Steve Howard, Modern Muslims: a Sudan memoir. Athens OH: Ohio University Press (pb US$26.95–978 0 8214 2231 1). 2016, 217 pp.
Noah Salomon, For the Love of the Prophet: an ethnography of Sudan's Islamic State. Princeton NJ: Princeton University Press (pb US$29.95–978 0 691 16515 8). 2016, 242 pp.

The Iranian Revolution of 1979 brought the concept of political Islam to the attention of the West. Ever since then, social scientists have struggled to define political Islam, and, more recently, the Islamic State. Were these new concepts, postcolonial legacies that suddenly emerged in the 1970s and 1980s as a challenge to liberal democratic order? Or were Muslims simply speaking on the international stage in the languages and vernaculars that they had always used, but for the first time Western audiences were finally forced to hear their thoughts? Writing of his fieldwork in Sudan during the early 1980s, the sociologist Steve Howard depicts himself as confronting a familiar quandary for a visiting American. He reflects on his sense of wonder that 'this poor African society could produce these advanced religious thinkers' (p. 58). How should we understand Sudan's religious thinkers, men such as Mahmoud Mohamed Taha, Hasan al-Turabi and the functionaries and ideologues of the Islamic Salvation Regime that came to power in 1989?

Part of what has bedevilled social scientists when writing about political Islam or the Islamic State has been a curious desire to dissect these terms as if politics as an ideal type could be separated from Islam, or, even more troubling, as Noah Salomon points out in his insightful introduction, the fruitlessness of Wael Hallaq's assertion in The Impossible State that Islam and the modern state are irreconcilable (Salomon, pp. 22–3). All three of the books under discussion dispense early on with ideal types of Islam–the state or the political–and get into the often messy if generative history of the men and women who have spent their lives debating what it means to be Sudanese and Muslim.

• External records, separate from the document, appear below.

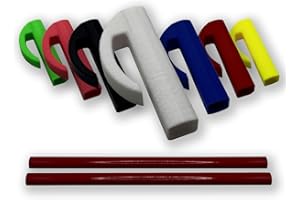 R-Satz Shop Zimmermannsstift Halterung inkl. 2 Bleistifte - Halter passend für Handwerker Velux Stift (Weiß)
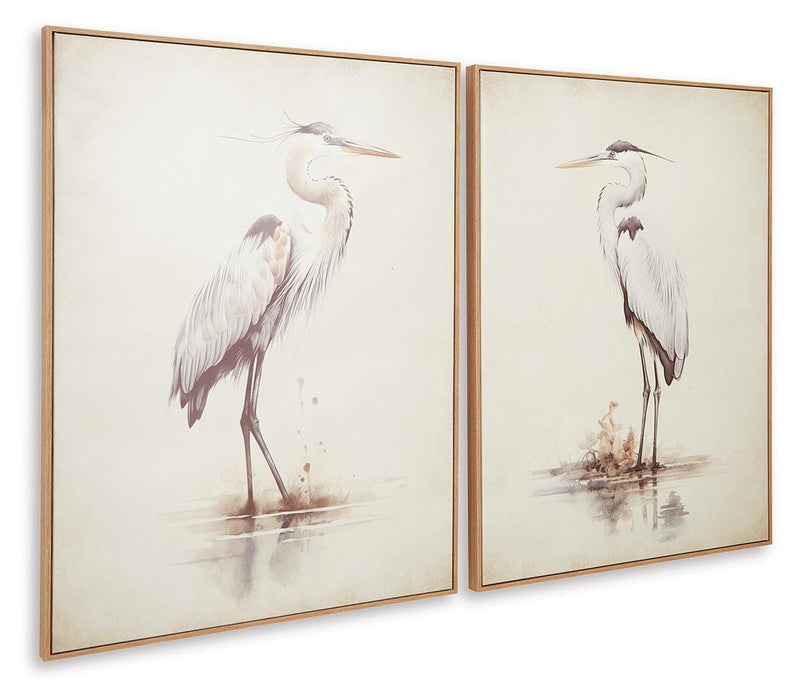 Aubinell Wall Art (Set of 2) - Red Gate Home Furnishings (Ball Ground, GA)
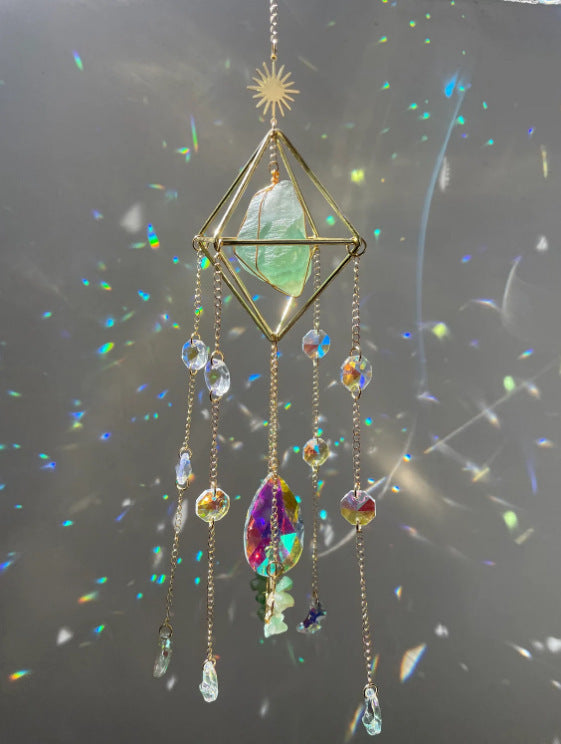 Crystal Sun Catcher Hanging Aurora Gem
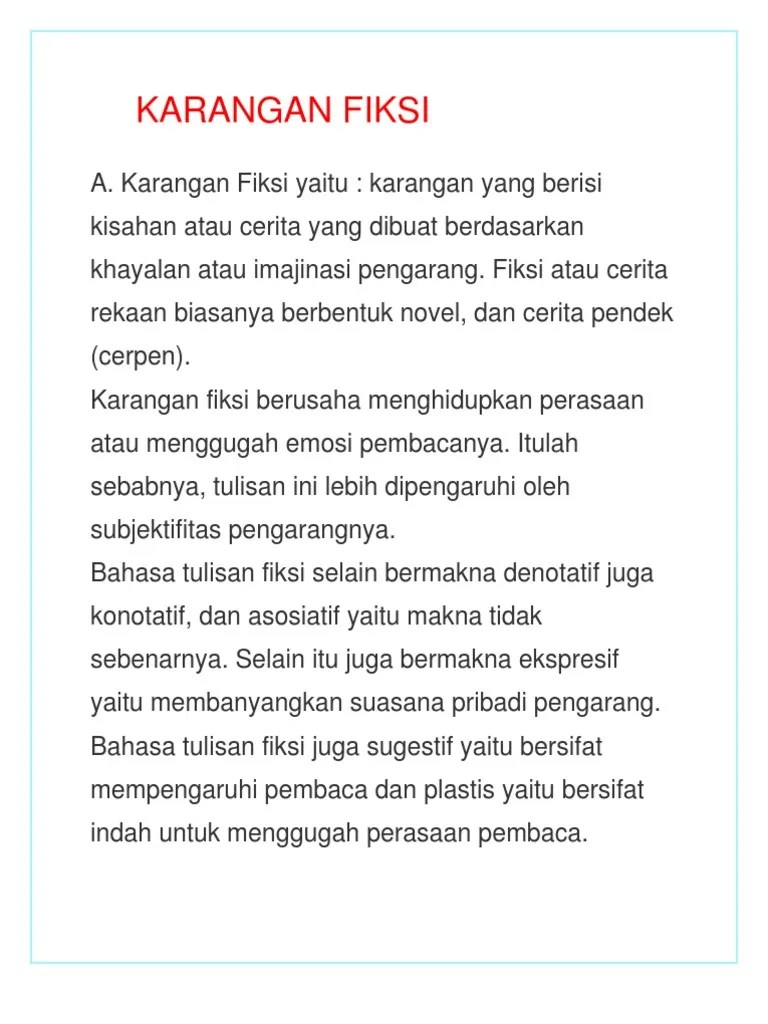 Il y a 3 jours. Fiksi Pdf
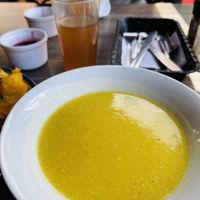 Soup  at Govinda's - Parque Berrio in Medellin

During the final quarter of the twentieth century, perhaps no one was more synonymous with Sudanese Islam than Hasan al-Turabi, and his presence or absence in the three books discussed here becomes an acute lens through which to see how the authors tackle the meaning of political Islam and the Islamic State. W. J. Berridge's thorough and informed recent biography of Hasan al-Turabi is an obvious place to begin. Berridge starts by addressing the mystery of al-Turabi; was he a brilliant liberal reformer of Islam or an Islamic extremist all too willing to condone violence and authoritarianism? Part of the difficulty in answering this question clearly relates to the tendency of analysts to attempt to divide Islamists into reformers and radicals–or, in the words of Mahmood Mamdani, [End Page 398] 'good' Muslims and 'bad' Muslims. Berridge relies on Youssef Choueiri's dichotomy between Islamic 'reformism' and 'radicalism'. For Choueiri, '"Islamic Reformism" and "Islamic Radicalism" are epochal as well as qualitative terms'. Reformism extending from the nineteenth to the first half of the twentieth century preceded Islamic radicalism as the epoch in which we currently find ourselves. Reformism meant the reinterpretation of Islamic concepts and the appropriation of European intellectual traditions. Choueiri, however, posited that 'Islamic Radicalism is a politico-cultural movement that postulates a qualitative contradiction between western civilization and the religion of Islam' (Berridge, p. 13). Al-Turabi, of course, crosses these boundaries. Instead of focusing on al–Turabi the intellectual, the image that emerges from Berridge's careful reconstruction of his life from Sudanese newspaper sources is al-Turabi the master of the Sudanese political sphere. While words were his weapon of choice, by the end of Berridge's reconstruction of his career the reader is left with the overwhelming impression that al-Turabi is not remembered because he offered a developed and systematic philosophy, but because he was able to...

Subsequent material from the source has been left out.